Zahed gave him a thin, humorless smile.
Knowing that Simmons had been watching in a helpless daze made the event even more memorable.
Chapter 18
ISTANBUL,TURKEY
Reilly spotted Vedat Ertugrul just as the Alitalia Airbus’s cabin door swung open. The legal attache of the Bureau’s Istanbul suboffice, a paunchy American of Turkish descent with a trumpet player’s jowls and puffy cre
scents under his eyes, was waiting for them at the edge of the jetway. They’d met briefly three years earlier, in the southern coastal town of Antalya, when the legat had proven to be very efficient and easygoing. Reilly hoped that was still the case as he stepped out to meet him, with Tess close behind.
A couple of darker-skinned men were standing there alongside Ertugrul, one in a navy blue police officer’s uniform with a gold star on each shoulder, the other in a charcoal-colored suit over a white shirt. Both had humorless, dark brown eyes, buzz cuts, and severe mustaches accessorizing the stern expressions on their faces. After quick introductions all around, Ertugrul, the chief of police, and the spook led Reilly and Tess out of the air-conditioned jetway through a side door and down some stairs to the tarmac. Even though it was late in the afternoon, the air was still stiflingly hot and dry, made worse by the stench of aviation fuel.
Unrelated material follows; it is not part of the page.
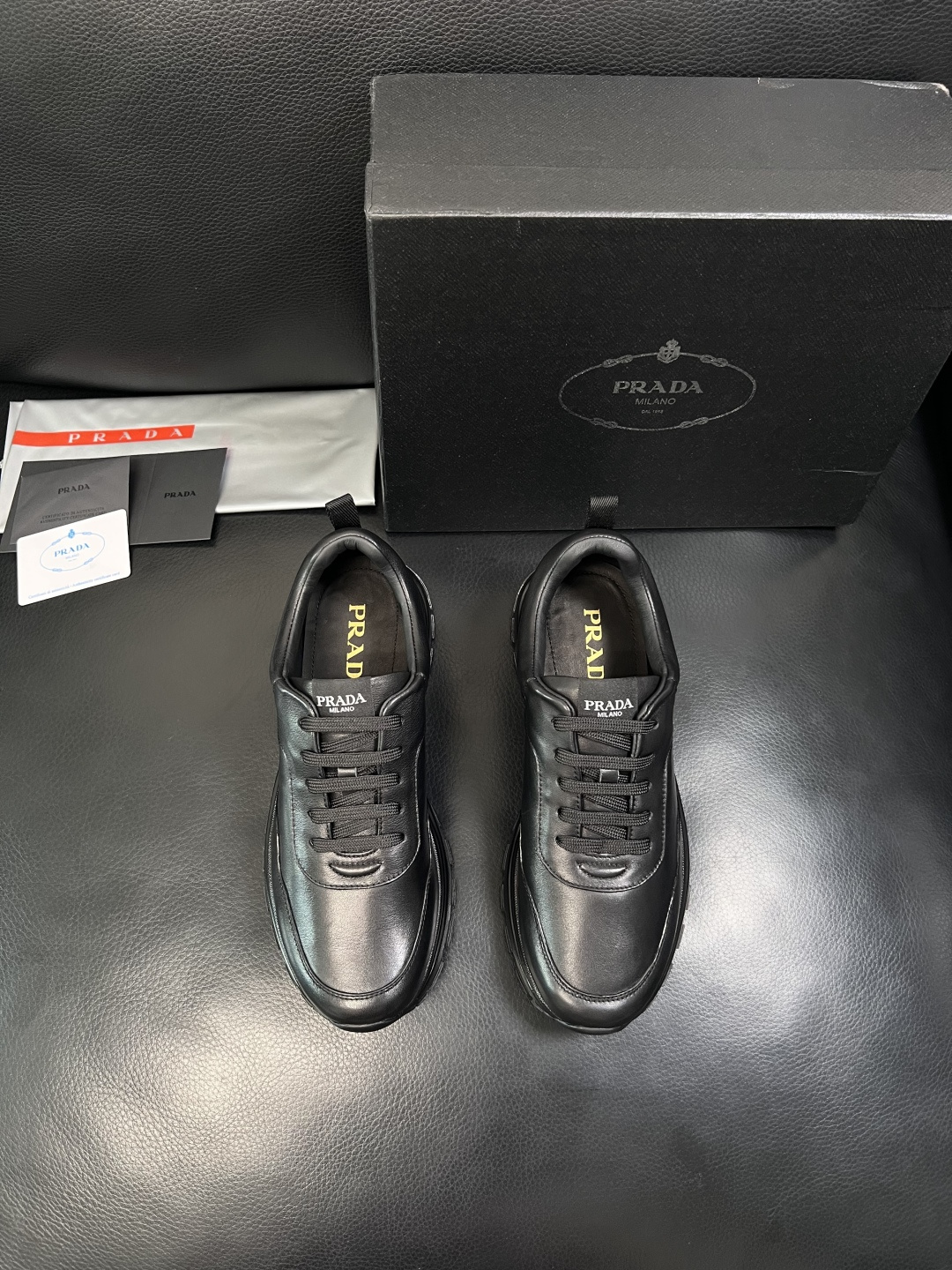 PRADA  高品质  顶级工艺品 普拉达 专柜同步 原厂配置，意大利进口原版牛皮，透气舒适进口水染牛里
Two black Suburbans with tinted windows were waiting for them by the plane’s front landing gear. Moments later, the armored SUVs were being waved through the airport’s security gates and storming off toward the Queen of Cities.
Ertugrul, riding in the middle row directly in front of Reilly, twisted around to face him and handed him a holstered handgun and a box of shells. “These are for you.”
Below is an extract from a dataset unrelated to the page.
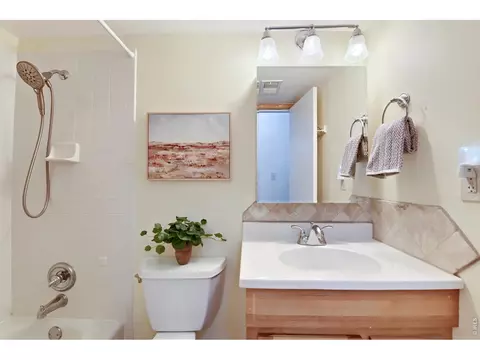 Bath - 500 Manhattan Dr #D7, Boulder, CO 80303 photo 1 of 1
Reilly took the gun and checked it over. It was a standard issue Glock 22 with a fifteen-round magazine, no scratches on it and freshly oiled. He clipped the holster onto his belt and slipped the gun into it. “Thanks.”
“I’ll need you to sign for them,” Ertugrul said, handing Reilly the forms and a pen. “I spoke to Tilden just as your plane came in,” he added, “and, well, it’s not looking great.”